Just as you’re starting to wonder whether Griffin’s downfield passing ability is slightly overrated, you see a pass like the one at 4:48. That is just about as accurate as you can get throwing downfield, into a tight window with double coverage. It’s perfection and should’ve been caught for one of the touchdowns of the year. That isn’t just a top-10 draft pick delivery, it’s a first overall pick bomb that very few current NFL quarterbacks are capable of. The pass at 7:17 is a further example of a difficult throw with the necessary pace to find a receiver for a big play.
There are other examples of similar quality too. The pass at 2:42 shows good awareness to sense the pressure and he adjusts his angle to throw a quick strike to his receiver. This is where Griffin’s release and arm strength may be most important, because it enables him to make a quick completion in a difficult situation. Once Wright receives the ball in space, he’s able to make a huge play but it all starts with Griffin getting the ball to his playmaker. At 4:27 he flicks his wrists and delivers a rocket spiral to the sideline for a first down.

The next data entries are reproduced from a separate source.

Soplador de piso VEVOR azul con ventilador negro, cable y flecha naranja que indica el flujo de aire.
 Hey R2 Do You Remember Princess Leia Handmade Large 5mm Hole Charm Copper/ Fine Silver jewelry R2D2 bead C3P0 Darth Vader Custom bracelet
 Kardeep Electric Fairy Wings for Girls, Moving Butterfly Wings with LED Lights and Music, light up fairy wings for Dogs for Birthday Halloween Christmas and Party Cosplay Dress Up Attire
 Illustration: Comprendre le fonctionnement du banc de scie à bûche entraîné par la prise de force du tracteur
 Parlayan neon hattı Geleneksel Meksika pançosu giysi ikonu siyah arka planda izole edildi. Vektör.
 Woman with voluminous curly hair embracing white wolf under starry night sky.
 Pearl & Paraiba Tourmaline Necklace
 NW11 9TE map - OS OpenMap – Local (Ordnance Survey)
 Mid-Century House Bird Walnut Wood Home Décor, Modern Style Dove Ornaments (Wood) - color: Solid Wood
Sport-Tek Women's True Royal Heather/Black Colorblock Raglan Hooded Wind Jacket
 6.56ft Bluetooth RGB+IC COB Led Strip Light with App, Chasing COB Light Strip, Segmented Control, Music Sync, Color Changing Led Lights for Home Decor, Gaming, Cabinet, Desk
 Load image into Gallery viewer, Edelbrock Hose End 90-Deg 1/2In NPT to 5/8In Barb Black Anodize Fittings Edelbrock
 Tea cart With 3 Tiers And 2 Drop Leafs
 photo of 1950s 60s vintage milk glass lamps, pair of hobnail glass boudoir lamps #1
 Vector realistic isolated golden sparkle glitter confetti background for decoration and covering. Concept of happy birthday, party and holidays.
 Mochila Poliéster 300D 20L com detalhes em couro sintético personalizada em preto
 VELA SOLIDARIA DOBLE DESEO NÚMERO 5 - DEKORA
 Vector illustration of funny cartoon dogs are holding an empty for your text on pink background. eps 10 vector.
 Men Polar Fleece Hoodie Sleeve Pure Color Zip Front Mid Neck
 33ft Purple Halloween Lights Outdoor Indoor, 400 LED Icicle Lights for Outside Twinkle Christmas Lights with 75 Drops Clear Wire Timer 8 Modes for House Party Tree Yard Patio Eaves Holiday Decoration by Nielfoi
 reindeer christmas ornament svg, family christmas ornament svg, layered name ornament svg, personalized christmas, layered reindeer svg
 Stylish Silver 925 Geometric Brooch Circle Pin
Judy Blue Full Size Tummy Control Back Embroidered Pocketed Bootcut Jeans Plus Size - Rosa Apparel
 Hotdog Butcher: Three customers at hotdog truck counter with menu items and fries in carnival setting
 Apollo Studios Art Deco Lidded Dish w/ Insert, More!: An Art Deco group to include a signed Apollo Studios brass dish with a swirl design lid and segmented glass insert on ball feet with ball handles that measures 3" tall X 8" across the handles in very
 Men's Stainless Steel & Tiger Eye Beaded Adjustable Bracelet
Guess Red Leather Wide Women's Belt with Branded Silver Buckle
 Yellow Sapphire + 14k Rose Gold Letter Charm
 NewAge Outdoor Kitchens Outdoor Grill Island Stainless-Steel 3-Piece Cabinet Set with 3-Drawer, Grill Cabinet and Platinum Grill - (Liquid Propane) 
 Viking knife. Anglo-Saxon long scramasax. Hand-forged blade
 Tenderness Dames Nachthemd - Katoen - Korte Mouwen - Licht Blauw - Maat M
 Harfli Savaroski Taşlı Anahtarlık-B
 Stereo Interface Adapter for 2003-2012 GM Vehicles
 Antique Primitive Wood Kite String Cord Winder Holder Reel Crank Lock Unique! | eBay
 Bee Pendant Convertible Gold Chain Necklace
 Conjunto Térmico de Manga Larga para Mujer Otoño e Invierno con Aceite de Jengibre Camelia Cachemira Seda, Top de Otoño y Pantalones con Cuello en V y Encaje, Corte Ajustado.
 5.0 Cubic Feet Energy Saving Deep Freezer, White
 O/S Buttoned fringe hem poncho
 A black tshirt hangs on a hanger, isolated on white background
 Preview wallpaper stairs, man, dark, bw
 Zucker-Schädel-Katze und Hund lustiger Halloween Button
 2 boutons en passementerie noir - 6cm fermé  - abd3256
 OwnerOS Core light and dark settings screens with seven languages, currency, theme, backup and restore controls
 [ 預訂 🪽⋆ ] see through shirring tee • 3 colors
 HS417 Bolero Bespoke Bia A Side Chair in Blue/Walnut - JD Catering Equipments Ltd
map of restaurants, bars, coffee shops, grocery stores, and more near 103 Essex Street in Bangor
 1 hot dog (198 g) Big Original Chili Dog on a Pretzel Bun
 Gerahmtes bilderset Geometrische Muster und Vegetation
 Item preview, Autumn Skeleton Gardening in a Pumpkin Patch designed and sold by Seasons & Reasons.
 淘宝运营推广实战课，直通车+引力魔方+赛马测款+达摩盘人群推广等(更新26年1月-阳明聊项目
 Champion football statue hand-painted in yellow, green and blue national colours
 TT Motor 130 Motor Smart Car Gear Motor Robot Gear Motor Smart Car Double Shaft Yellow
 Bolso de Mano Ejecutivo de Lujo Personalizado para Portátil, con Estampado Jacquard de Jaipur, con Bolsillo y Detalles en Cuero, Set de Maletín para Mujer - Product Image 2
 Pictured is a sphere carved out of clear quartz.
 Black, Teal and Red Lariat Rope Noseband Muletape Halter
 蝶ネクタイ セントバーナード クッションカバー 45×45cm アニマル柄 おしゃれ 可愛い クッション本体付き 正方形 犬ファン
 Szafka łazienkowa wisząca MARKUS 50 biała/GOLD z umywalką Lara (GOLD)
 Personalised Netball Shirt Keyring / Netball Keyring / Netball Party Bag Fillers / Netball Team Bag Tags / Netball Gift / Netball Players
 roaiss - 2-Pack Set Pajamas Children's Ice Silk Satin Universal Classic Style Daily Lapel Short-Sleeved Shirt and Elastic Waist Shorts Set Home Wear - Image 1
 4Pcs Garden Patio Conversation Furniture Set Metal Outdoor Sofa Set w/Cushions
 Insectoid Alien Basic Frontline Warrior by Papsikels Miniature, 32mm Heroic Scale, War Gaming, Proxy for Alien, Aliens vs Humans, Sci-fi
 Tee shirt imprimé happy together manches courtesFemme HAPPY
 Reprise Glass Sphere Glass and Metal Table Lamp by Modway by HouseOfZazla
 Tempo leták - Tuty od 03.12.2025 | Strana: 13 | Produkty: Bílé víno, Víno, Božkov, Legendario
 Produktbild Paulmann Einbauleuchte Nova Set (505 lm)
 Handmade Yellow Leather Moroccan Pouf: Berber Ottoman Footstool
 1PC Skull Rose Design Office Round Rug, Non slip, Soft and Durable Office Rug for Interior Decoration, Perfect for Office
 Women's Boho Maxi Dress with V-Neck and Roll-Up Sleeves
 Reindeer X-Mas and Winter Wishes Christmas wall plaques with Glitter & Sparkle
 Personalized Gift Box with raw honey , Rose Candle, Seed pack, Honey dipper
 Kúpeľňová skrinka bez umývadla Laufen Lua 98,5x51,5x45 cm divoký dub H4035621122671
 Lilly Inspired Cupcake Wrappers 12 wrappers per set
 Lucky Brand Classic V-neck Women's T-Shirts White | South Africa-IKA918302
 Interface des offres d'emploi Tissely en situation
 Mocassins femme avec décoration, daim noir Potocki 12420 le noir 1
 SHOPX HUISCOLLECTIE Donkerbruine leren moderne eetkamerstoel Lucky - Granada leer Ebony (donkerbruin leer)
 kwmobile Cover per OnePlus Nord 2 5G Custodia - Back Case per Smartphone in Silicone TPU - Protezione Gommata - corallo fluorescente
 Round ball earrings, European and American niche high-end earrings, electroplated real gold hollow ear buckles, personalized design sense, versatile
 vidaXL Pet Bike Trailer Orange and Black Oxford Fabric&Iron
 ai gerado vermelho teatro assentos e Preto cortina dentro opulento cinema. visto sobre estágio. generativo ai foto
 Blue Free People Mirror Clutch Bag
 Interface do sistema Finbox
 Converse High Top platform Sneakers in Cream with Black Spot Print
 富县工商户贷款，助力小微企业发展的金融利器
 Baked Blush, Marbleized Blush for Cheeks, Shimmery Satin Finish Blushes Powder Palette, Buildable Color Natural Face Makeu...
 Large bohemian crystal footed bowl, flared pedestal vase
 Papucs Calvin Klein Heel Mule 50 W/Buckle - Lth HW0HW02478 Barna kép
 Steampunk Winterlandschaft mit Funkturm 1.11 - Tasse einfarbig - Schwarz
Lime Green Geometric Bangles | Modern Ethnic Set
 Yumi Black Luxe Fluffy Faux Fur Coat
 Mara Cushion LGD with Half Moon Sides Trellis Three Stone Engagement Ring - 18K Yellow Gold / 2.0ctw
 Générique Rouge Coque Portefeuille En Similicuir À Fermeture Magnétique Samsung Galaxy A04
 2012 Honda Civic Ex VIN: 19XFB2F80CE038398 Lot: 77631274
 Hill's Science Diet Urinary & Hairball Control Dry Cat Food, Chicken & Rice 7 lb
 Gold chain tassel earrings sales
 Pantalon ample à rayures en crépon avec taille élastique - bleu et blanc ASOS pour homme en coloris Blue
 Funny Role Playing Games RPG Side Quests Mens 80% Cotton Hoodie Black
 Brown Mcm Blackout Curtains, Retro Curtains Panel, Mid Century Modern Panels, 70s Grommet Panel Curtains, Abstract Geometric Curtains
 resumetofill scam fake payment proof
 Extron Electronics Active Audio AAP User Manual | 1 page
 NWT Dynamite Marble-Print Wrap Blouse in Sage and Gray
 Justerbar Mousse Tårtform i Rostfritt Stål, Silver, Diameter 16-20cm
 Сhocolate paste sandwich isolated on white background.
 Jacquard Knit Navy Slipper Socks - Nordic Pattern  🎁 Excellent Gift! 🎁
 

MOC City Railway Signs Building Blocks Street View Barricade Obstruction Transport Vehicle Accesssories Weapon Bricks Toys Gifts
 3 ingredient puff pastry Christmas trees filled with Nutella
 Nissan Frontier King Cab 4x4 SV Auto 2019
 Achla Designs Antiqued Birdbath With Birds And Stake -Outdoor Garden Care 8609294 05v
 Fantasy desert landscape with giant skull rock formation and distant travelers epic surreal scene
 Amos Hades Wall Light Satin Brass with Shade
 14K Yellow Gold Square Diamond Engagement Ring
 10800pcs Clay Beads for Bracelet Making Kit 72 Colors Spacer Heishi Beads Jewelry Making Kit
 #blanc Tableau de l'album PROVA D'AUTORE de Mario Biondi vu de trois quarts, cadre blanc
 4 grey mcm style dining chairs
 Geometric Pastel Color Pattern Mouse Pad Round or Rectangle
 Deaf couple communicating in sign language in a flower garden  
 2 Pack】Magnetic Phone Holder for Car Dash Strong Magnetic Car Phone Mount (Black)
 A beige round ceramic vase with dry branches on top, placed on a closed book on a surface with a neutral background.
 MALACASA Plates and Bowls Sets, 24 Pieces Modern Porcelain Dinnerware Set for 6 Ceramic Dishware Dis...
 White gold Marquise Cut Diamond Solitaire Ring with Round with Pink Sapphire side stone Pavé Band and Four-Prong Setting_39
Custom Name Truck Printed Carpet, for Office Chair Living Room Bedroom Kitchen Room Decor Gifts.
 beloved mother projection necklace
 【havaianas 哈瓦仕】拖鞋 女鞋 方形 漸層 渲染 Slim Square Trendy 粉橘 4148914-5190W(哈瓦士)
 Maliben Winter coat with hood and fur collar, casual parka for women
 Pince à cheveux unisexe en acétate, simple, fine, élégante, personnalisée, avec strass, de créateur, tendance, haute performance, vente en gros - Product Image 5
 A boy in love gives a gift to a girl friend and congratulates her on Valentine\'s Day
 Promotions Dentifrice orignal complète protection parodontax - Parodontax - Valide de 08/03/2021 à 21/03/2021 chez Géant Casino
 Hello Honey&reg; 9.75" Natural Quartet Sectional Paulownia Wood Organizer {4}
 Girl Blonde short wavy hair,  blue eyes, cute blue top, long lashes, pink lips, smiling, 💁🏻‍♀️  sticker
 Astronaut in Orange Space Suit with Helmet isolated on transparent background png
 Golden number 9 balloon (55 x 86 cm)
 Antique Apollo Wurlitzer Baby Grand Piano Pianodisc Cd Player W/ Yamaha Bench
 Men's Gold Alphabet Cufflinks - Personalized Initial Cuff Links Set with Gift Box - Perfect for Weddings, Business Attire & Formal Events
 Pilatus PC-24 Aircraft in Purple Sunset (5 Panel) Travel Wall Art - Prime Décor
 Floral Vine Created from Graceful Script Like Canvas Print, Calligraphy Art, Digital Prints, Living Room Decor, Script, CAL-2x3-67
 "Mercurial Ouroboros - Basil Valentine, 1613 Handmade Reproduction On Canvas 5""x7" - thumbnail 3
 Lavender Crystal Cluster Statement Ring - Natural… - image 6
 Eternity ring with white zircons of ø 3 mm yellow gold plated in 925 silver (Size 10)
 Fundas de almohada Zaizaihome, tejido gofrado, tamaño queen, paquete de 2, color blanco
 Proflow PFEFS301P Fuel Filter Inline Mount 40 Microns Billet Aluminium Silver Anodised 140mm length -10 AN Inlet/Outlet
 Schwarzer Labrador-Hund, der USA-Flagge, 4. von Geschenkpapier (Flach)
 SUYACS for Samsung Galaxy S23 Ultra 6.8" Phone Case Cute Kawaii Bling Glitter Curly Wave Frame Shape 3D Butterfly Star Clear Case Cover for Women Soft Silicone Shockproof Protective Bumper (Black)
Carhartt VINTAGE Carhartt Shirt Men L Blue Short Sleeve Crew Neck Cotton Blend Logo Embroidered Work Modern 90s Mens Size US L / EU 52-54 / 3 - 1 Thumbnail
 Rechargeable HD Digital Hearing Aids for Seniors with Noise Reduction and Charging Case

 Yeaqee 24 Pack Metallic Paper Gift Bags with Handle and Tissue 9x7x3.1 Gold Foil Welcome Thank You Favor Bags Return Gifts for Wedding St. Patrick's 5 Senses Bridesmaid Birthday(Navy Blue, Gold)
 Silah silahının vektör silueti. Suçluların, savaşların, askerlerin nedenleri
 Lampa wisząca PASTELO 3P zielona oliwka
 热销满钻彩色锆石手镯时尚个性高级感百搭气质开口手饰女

For arguments sake we have to point out the negatives. The throws at 1:29 and 5:04 flash inaccuracy and the passes at 1:40 and 8:30 are bad decisions, the second of which should’ve ended in a turnover. Some people have complained about the change in his throwing angle in certain situation. Considering it’s usually part of an improvisation to complete a pass rather than a bad habit he’s developed, I think that’s a little harsh. Most of the time his release point is good enough for the next level, it’s his footwork that requires the most work.
We know about the athleticism and ability to move around in the pocket to avoid pressure while keeping his eyes firmly downfield. We see great examples of this at 6:32, 6:40, 7:02 and 10:09. The other well known feature of Griffin’s play is intelligence, which really shines at 8:23 to deal with a difficult snap and throw the ball back to the LOS in order to avoid a big loss and an intentional grounding flag. That’s an under rated play.
But really this game will always be remembered for one play, and one play only. This is Griffin’s highlight, the thing people will always come back to when discussing his time at Baylor. With the game heading to over time at 38-38 and with 17 seconds remaining he creates space by moving to the left and then throws across his body to deliver a pass of such accuracy, incredible touch and unmatched athleticism it deserves to win any game. Fast forward to 10:34 and watch that play a few times, because it’s what will make Griffin a high draft pick next April. I’m still not sure how he finds that receiver at the back of the end zone, especially considering his body position to throw and the decent coverage. Scouts, coaches and GM’s will replay that many times between January and April.
On a side note, how under rated is Kendall Wright? Deep speed, good hands and playmaking qualities that will improve any NFL offense. He’s fourth in college football for receiving yards with 1281 and has ten touchdowns. That’s more yards than Justin Blackmon. I have Wright going to Cleveland in my first mock draft with the 19th overall pick, but he could easily go earlier than that. He could be another Mike Wallace.